It is common in the petroleum industry to employ foamed liquids in cleaning out and/or fracturing wells, particularly petroleum wells with low formation pressures and gas wells. Foam is employed for a number of reasons, among them the necessity to avoid formation damage from the large hydrostatic head generated by a column of liquid in the well bore, and the desirability to conserve liquid well treating materials, the quantity thereof required being significantly reduced by foaming.
Several methods are known for generating foam for well treatment, such as generating the foam at the well head by using a TEE or pumping the treating liquid down a well bore annulus to the treatment zone while pumping a gaseous component of the foam down a tubing string which ends at the treatment zone. The former method requires very high pumping pressures in deeper wells, due to the frictional losses incurred by pumping foam. In a well with a high fracture gradient, defined as treatment pressure over treatment zone depth, such frictional losses may render foam fracturing prohibitively expensive or impossible to perform.

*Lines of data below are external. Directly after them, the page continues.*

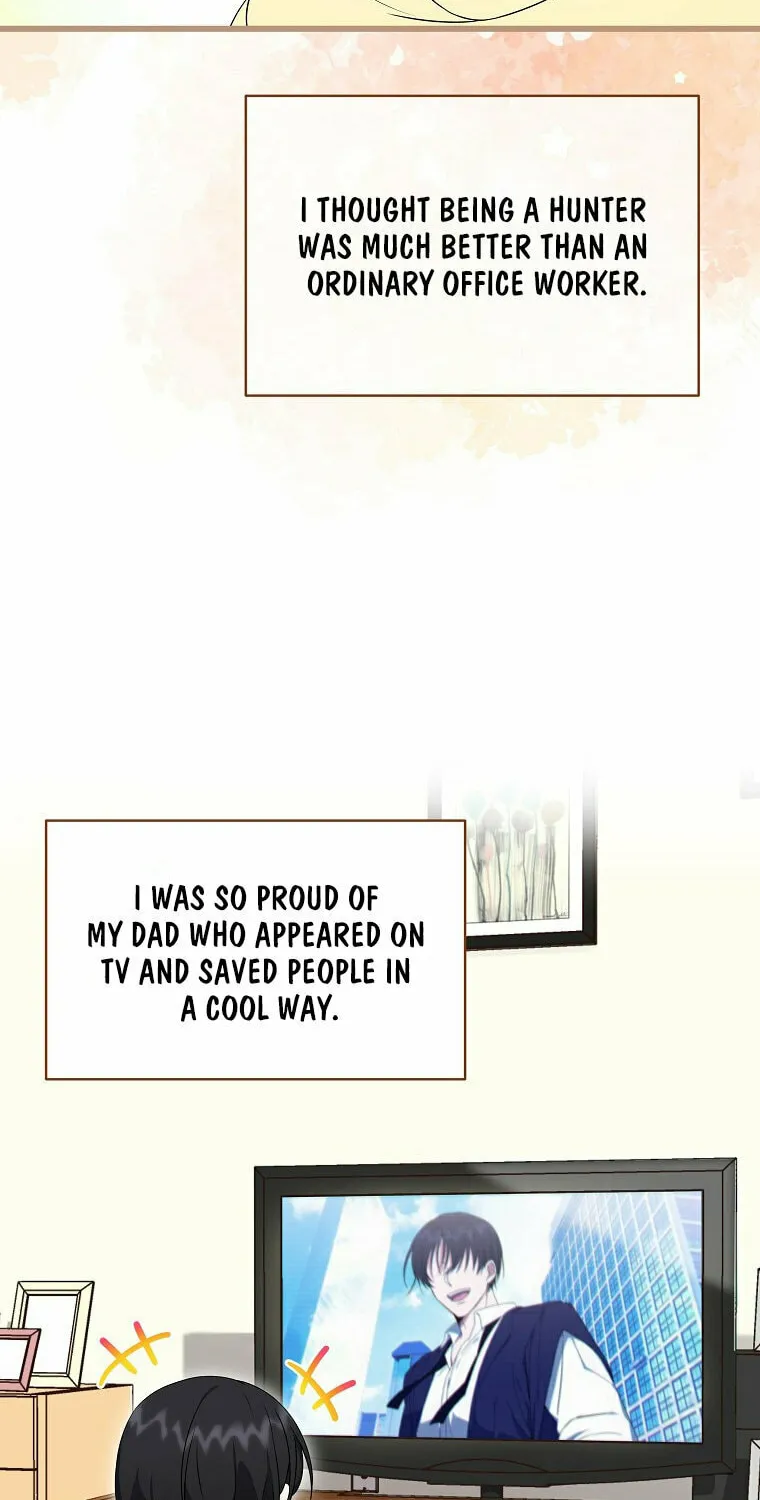Welcome to Dungeon Hotel Chapter 2 page 20 - 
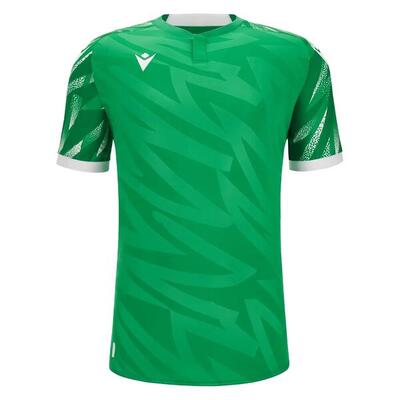 Maglia Macron Themis Eco
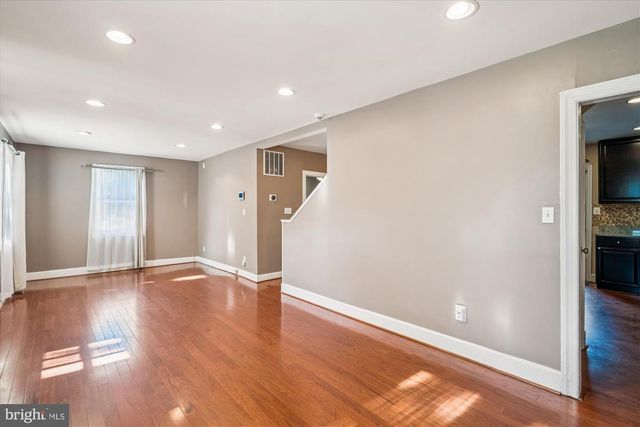 12808 10TH ST, Bowie, MD 20720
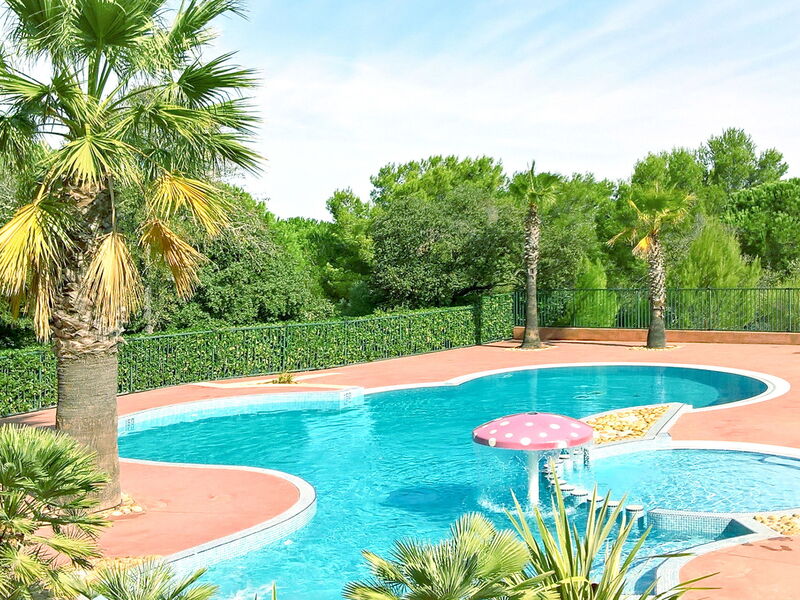 Cap D'Agde 614
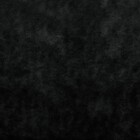 Cabeceira Gomada Rossi 1 60 Cm Corano Preto D'rossi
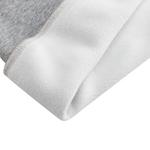 Свитшоты Unisex CD28 Ash ANTA, Cd28 Ash Ash-1 - фото 7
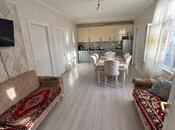 Продаётся 5-комн. дом/дача 130 м², м. Кероглу, photo 2 from 8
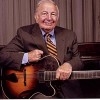 Book Bucky Pizzarelli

The latter method produces an unstable foam with non-uniform bubble size and dispersion as well as "slugging" of gas and liquid, if in fact a foam per se is produced at all.
U.S. Pat. No. 3,889,764, issued June 17, 1975 to John G. Jackson, discloses a method and apparatus for producing foam downhole in a drill string, in which the liquid and gaseous components of the foam may be mixed at the surface and pumped down the string to the foam delivery apparatus above the drill bit, or may be routed to the bottom of the string through separate conduits. The foam delivery apparatus is opened and closed by a pressure-controlled valve, and the foam is generated through impingement of the gas/liquid mixture onto a knife edge located between the discharge orifices of the apparatus. The foam thus generated travels up the wellbore carrying the material dislodged by the drill bit. When the liquid and gas are mixed at the surface, high pumping pressure is required. If several conduits are employed to carry the separated components to the drill bit, this requires the unwieldy handling of both the drill pipe and two inner conduits. In either case, the knife edge generator is unsuitable for use with abrasive-laden fluids, and the use of a spring loaded control valve requires a fairly precise estimate of the foam flow desired at any given time, in order to precalculate the desired pressure drop and adjust the valve spring.